Using a ground-breaking scientific process to develop new materials to generate green energy or reduce atmospheric carbon dioxide emissions, and to show how to end dependence on fossil fuels and prevent possible energy and climate crises in the future.
With this plan, scientists from the Czech Institute for Research and Advanced Technologies – CATRIN at Palacký University in Olomouc and the Centre for Energy and Environmental Technologies – CEET at the VŠB-Technical University of Ostrava (VŠB-TUO), together with world-renowned research teams from Germany and Italy, are embarking on a three-year, €1.5 million European project, which started today in Olomouc.

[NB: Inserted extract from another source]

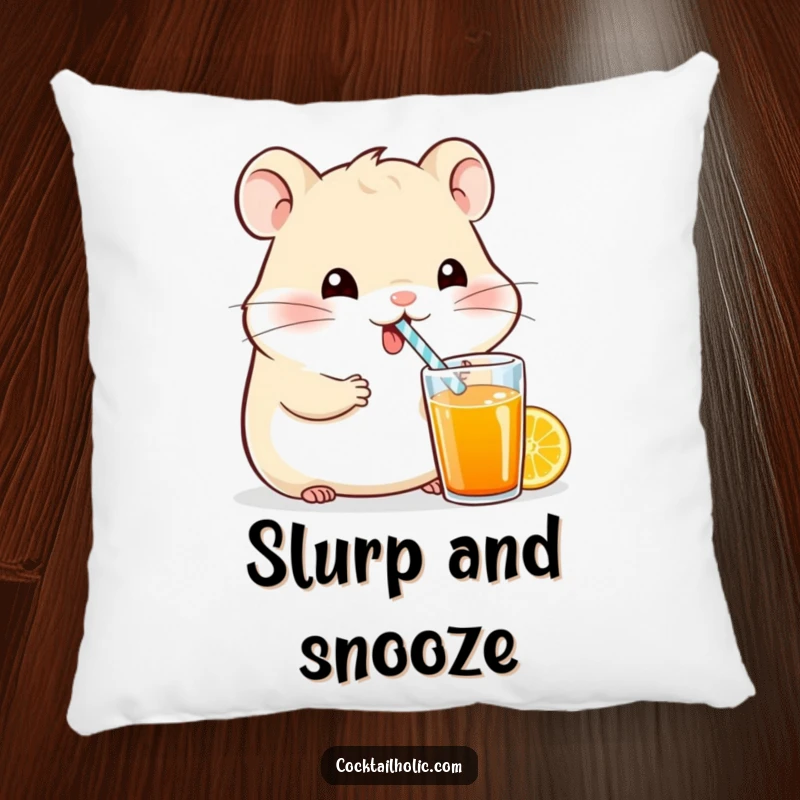 Funny happy hamster character sipping a colorful drink from a tiny straw, depicted on a soft, decorative pillow.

The scientific part of the project will focus on the production of hydrogen by solar water splitting, the electrochemical conversion of waste carbon dioxide and, in particular, engineering at the level of individual atoms. This approach is expected to enable the development of new materials that will significantly increase the production of green hydrogen or advance the possibilities of transforming carbon dioxide into useful chemicals with high added value.
“In an international team, we want to develop technologies that allow the anchoring of single atoms to the surface of suitable semiconductors and control the chemical and electronic properties of these atoms. The results show that this new approach, based on so-called atomic engineering, allows a several-fold increase in the efficiency of the materials used for the photocatalytic and photoelectrochemical conversion of solar energy into hydrogen, which is crucial for the deployment of green fuel technology. Atomic engineering is attracting increasing interest from researchers worldwide, but we are among the pioneers in its use for these energy and environmental applications,” said the project’s principal investigator, Štěpán Kment of CATRIN.
Researchers from both domestic universities have joined forces with European leaders in the field of green energy generation. One of them is Patrik Schmuki’s team from Friedrich-Alexander University in Erlangen, Germany. The scientist, who also works at CATRIN, has long been researching the production of hydrogen, the so-called fuel of the future, using water, solar energy and semiconductor nanomaterials. “Engineering at the level of single atoms is a direction that could change many fields of science in the future. Our results show that it is in the field of solar-powered renewable energy that materials enriched with suitable atoms can make a major breakthrough in increasing hydrogen production,” Schmuki confirmed.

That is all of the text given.